Assignment:
Only the lines from the one containing "Gastric bypass uk" through the end of the records should be retyped, exactly and including both ends; pictures stay out.

_ _ _ _ _ _ _

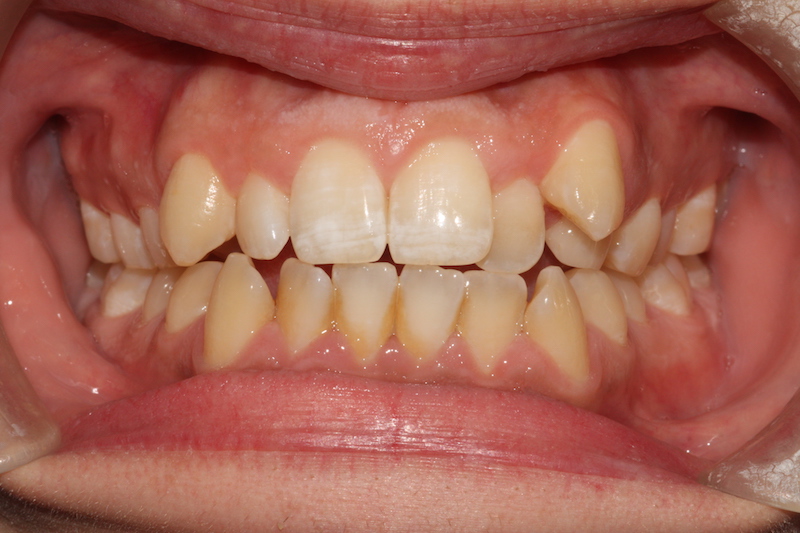 Crowded top and bottom teeth before clear fixed braces Essex fastbraces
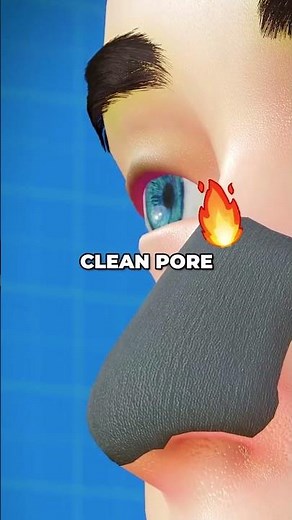 How To Get Rid Of Blackheads Fast!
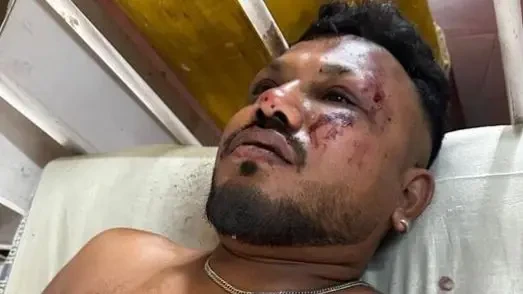 अहमदाबाद विमान दुर्घटनामा एक व्यक्तिको जीवितै उद्धार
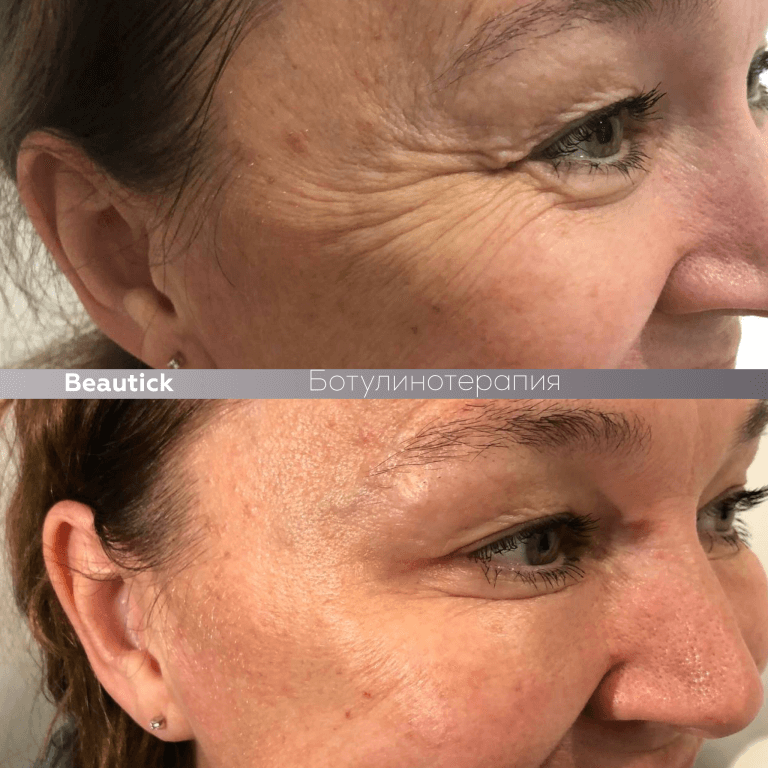 Ботулинотерапия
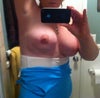 You can see how distorted the breast and implant are, there is not a smooth outline of implant. Someone has suggested rupture...? I feel no scar tissue anywhere in or around the implant.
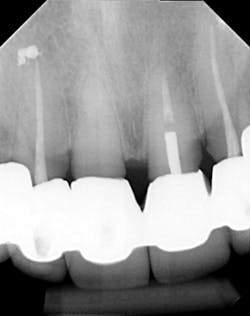 17jun1bckhanna P10 17jun1bckhanna P10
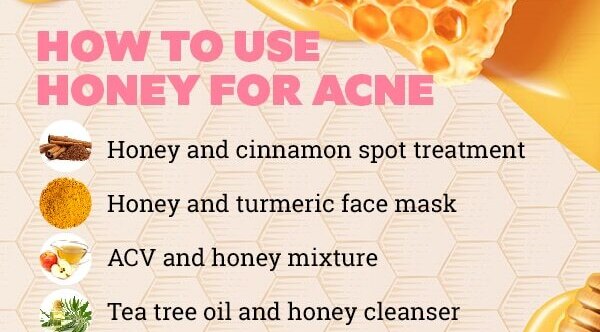 FAQs about honey for pimples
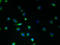 Transmembrane Protein 45A antibody, A61426-100, Epigentek, Immunofluorescence image 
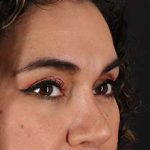 Upper Blepharoplasty Before & After Patient #3522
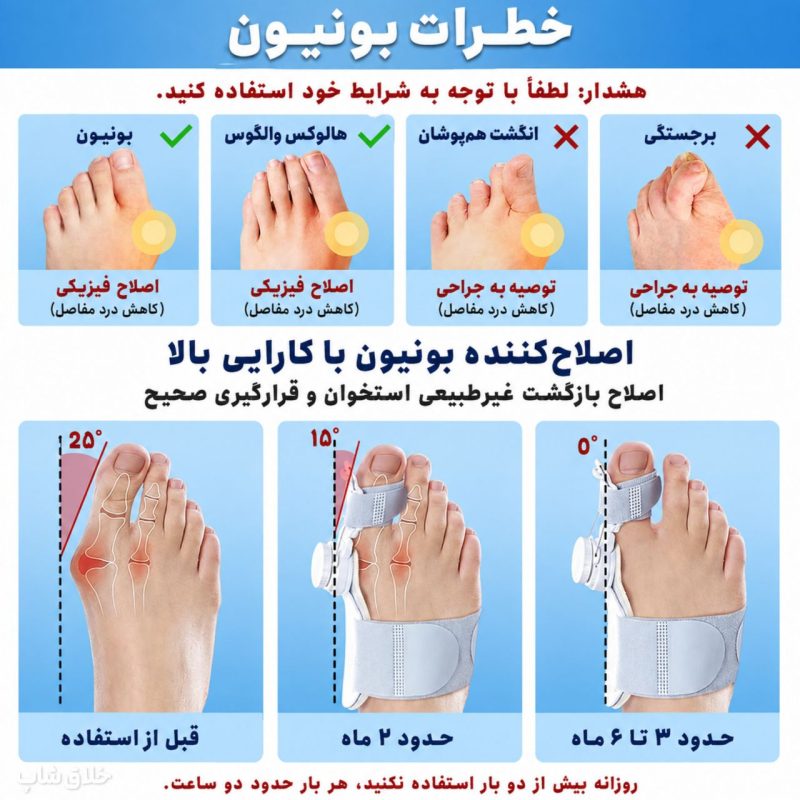 اصلاح انحراف شست پا-آتل انگشت پا درمان هالوکس والگوس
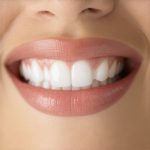 Stop Guessing: Why Your 2026 Invisalign Plan Needs AI Tracking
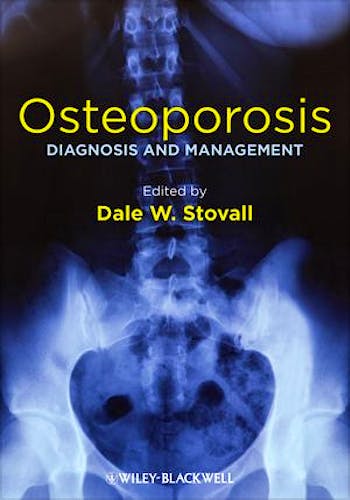 Portada del libro 9781119968917 Osteoporosis. Diagnosis and Management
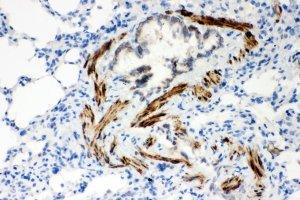 IHC-P: ATP2A2 antibody testing of rat lung tissue (ATP2A2 antibody  (N-Term))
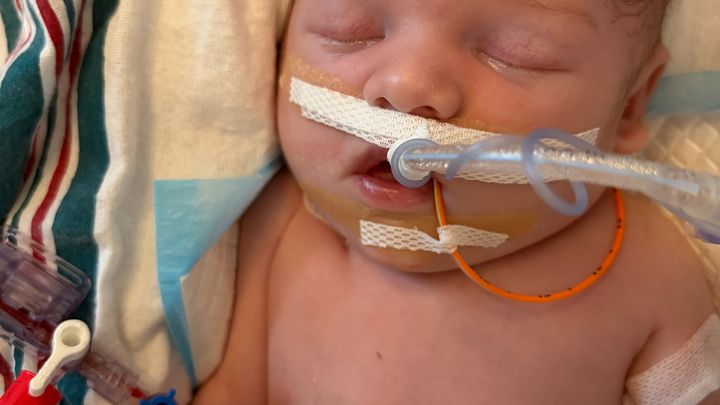 Finnian's CDH Journey campaign photo, 1 of 3
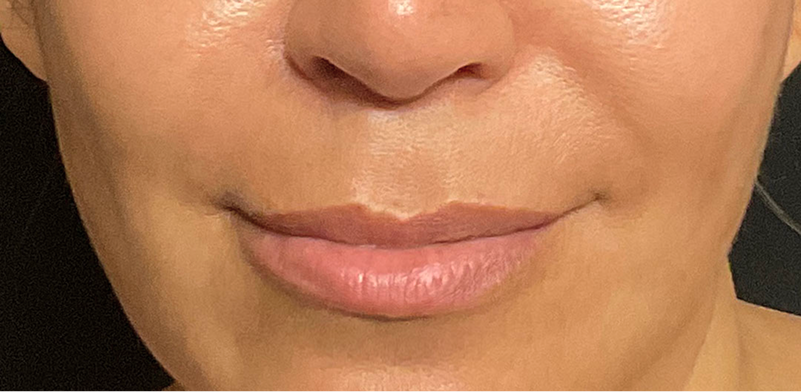 Image of a woman's lips before lip lift surgery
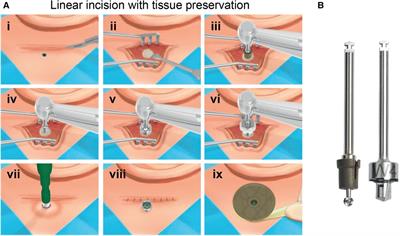 Minimally invasive surgery as a new clinical standard for bone anchored hearing implants—real-world data from 10 years of follow-up and 228 surgeries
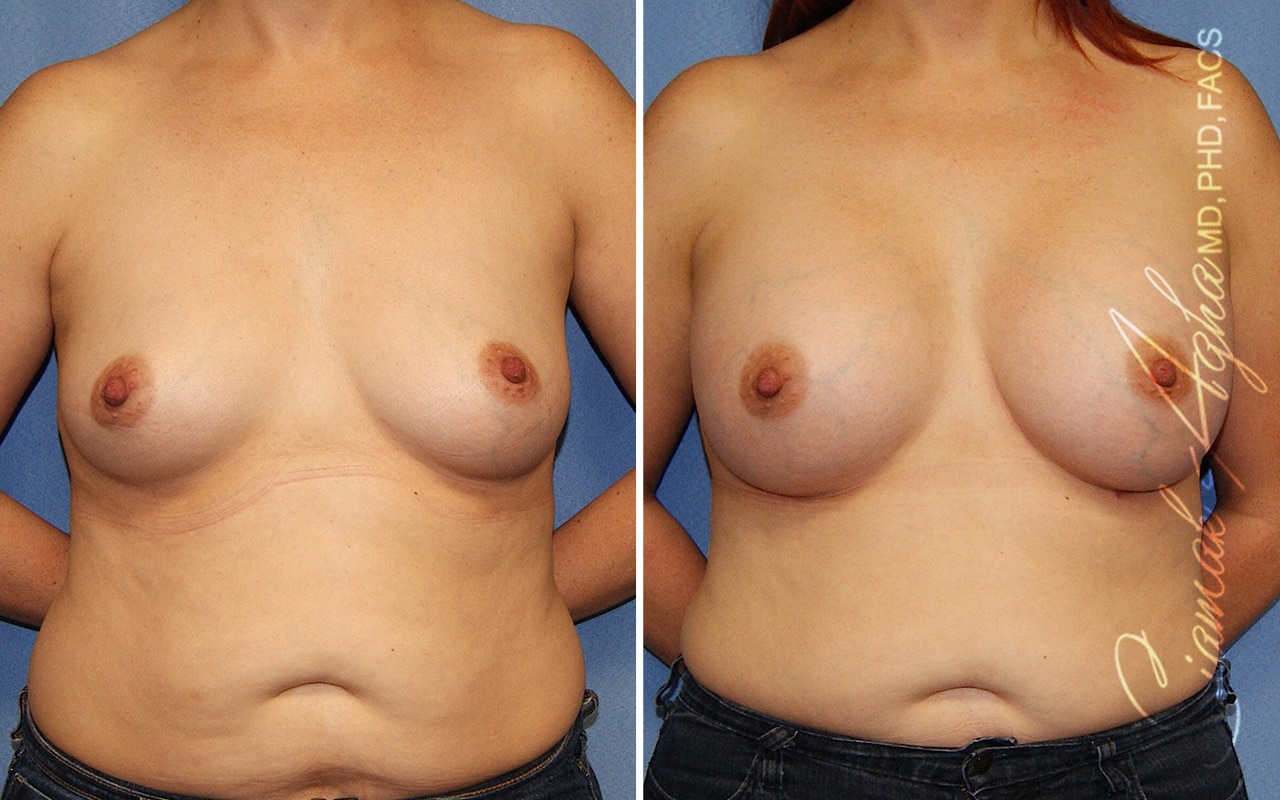 Breast Augmentation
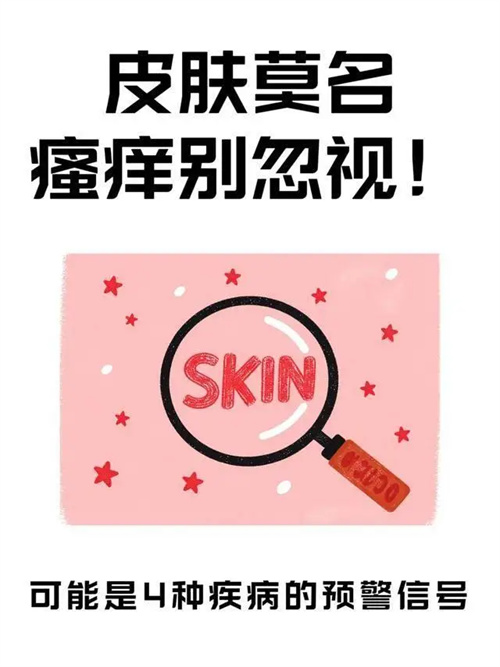 细节介绍
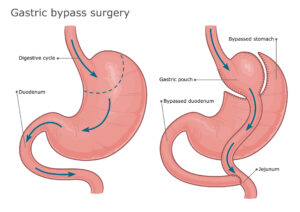 Gastric bypass uk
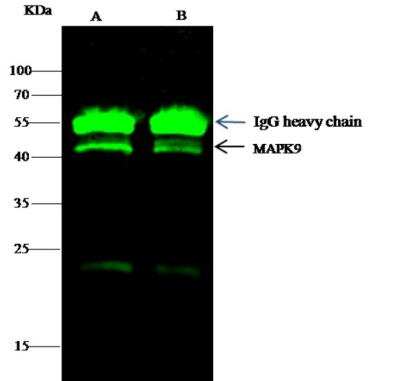 Immunoprecipitation: JNK2 Antibody (004) [NBP2-89620]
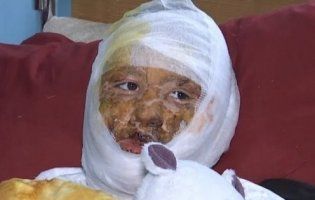 У Чернівцях батько підпалив 16-річну доньку (фото)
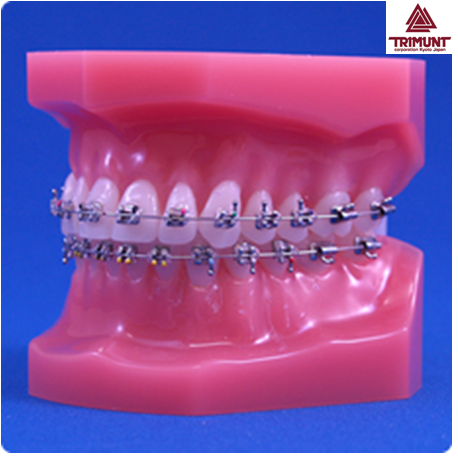 Orthodontics Model with ceramic brackets, metal tubes andn NiTi wires are white coated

_ _ _ _ _ _ _

Result below:
 Gastric bypass uk
 Immunoprecipitation: JNK2 Antibody (004) [NBP2-89620]
 У Чернівцях батько підпалив 16-річну доньку (фото)
 Orthodontics Model with ceramic brackets, metal tubes andn NiTi wires are white coated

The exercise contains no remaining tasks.